> **Short text fragments from websites**
------------

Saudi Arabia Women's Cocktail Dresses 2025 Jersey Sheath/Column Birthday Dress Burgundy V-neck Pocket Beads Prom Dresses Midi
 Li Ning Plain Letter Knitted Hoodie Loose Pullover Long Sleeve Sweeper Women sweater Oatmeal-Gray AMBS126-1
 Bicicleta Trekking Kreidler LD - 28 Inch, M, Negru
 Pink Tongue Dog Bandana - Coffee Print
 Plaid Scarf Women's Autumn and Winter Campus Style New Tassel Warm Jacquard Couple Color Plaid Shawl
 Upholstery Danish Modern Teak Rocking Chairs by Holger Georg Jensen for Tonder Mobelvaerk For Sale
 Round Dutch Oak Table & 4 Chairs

------------

> **Exercise goal**
Your answer must be the line holding "Plaid Scarf Women's" plus every later line to the end of the records, copied exactly.

> **Reply to the task**
 Plaid Scarf Women's Autumn and Winter Campus Style New Tassel Warm Jacquard Couple Color Plaid Shawl
 Upholstery Danish Modern Teak Rocking Chairs by Holger Georg Jensen for Tonder Mobelvaerk For Sale
 Round Dutch Oak Table & 4 Chairs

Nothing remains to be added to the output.